'''

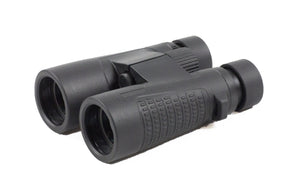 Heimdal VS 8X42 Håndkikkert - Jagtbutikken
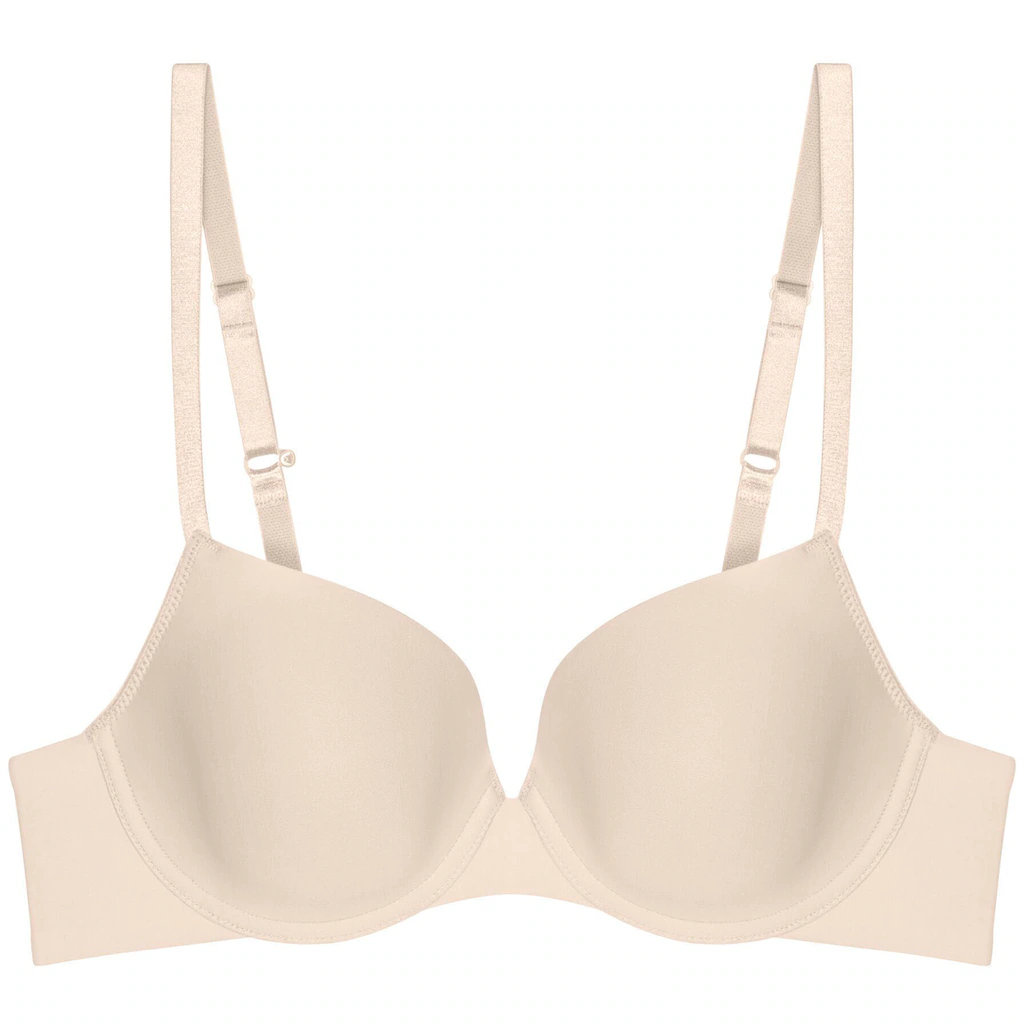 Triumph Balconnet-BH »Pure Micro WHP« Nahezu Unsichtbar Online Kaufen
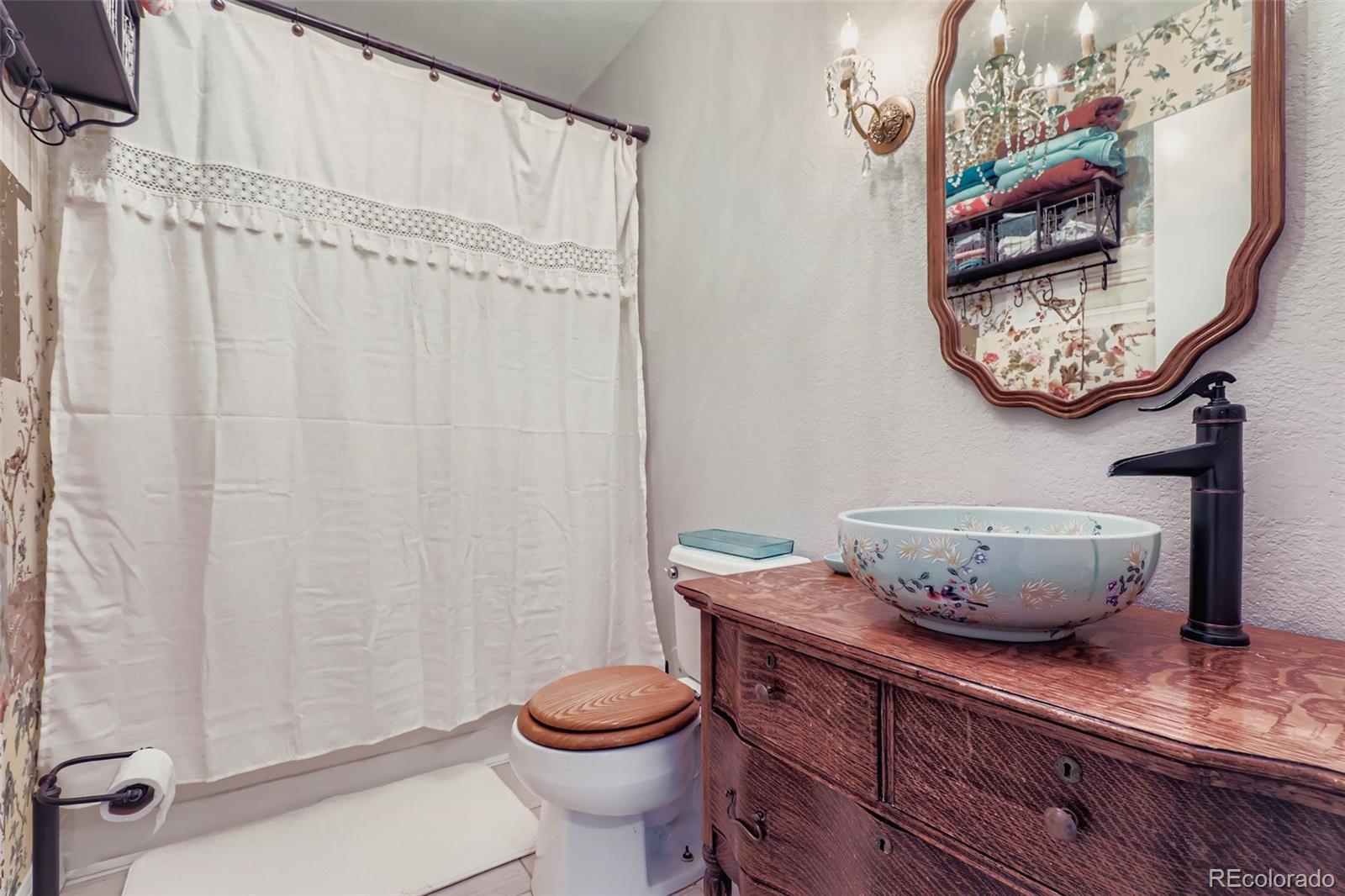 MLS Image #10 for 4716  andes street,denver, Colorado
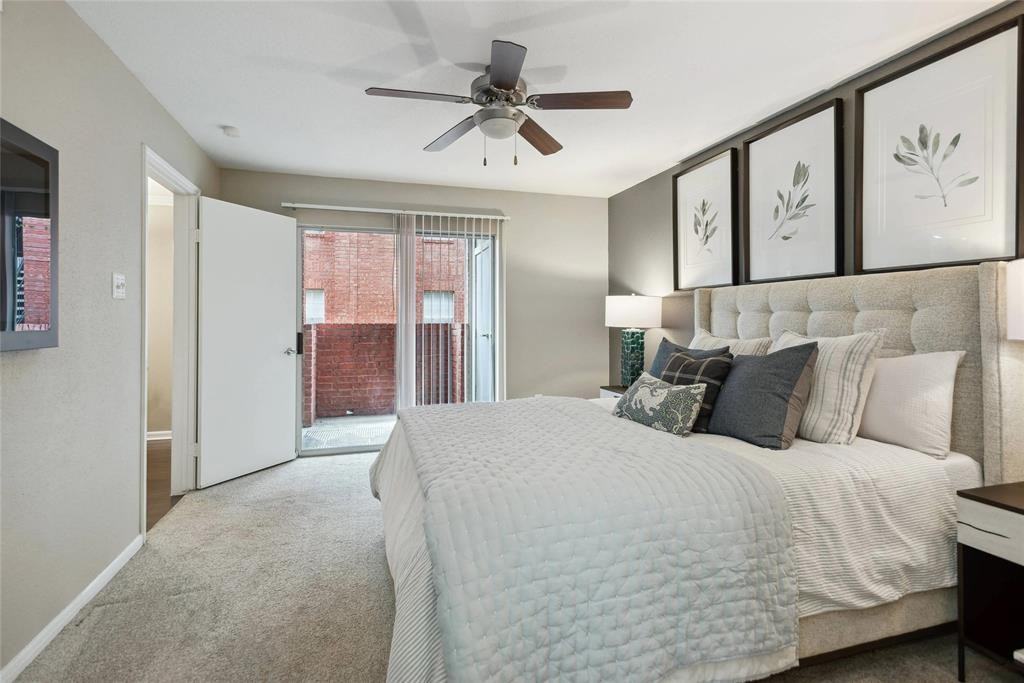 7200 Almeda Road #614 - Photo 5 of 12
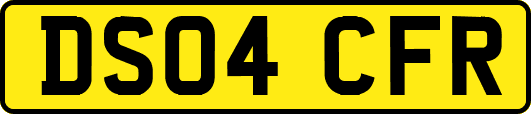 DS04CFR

'''
'''

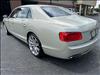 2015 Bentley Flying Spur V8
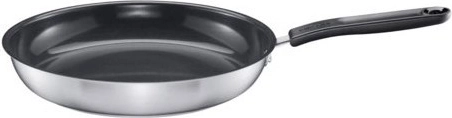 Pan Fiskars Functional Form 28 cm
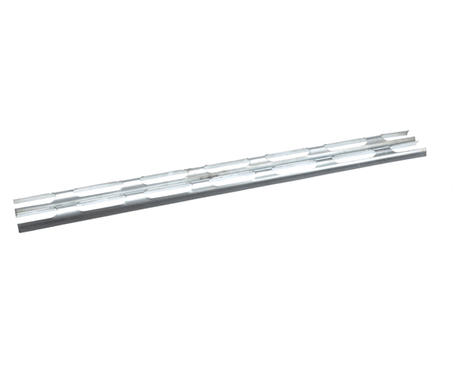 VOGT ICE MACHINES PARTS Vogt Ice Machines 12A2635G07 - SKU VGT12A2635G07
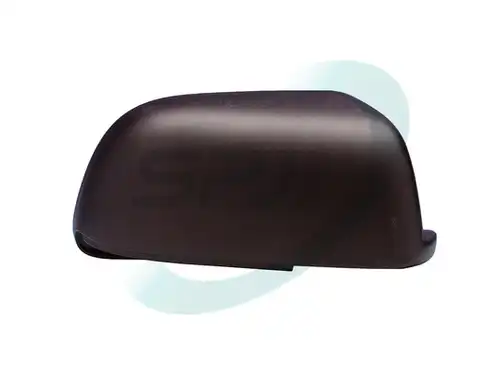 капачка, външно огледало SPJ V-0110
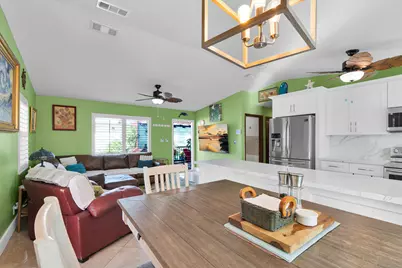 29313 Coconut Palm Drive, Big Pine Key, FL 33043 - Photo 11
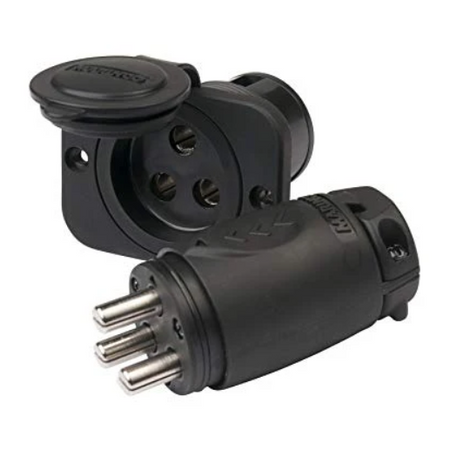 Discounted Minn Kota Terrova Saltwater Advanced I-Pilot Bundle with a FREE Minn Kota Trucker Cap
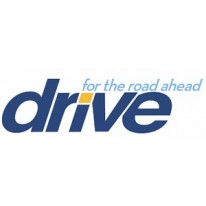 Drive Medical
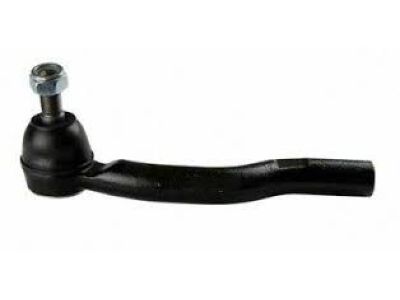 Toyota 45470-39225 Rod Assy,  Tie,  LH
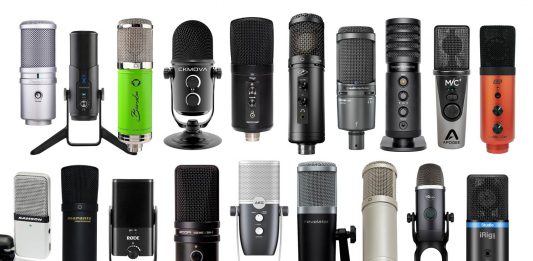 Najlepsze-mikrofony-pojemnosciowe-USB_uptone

'''

AIM OF THE EXERCISE
Line for line, output the entries above from the line with "Drive Medical" to the line with "Najlepsze-mikrofony-pojemnosciowe-USB_uptone", both included, and nothing more. Skip pictures.

YOUR SOLUTION
 Drive Medical
 Toyota 45470-39225 Rod Assy,  Tie,  LH
 Najlepsze-mikrofony-pojemnosciowe-USB_uptone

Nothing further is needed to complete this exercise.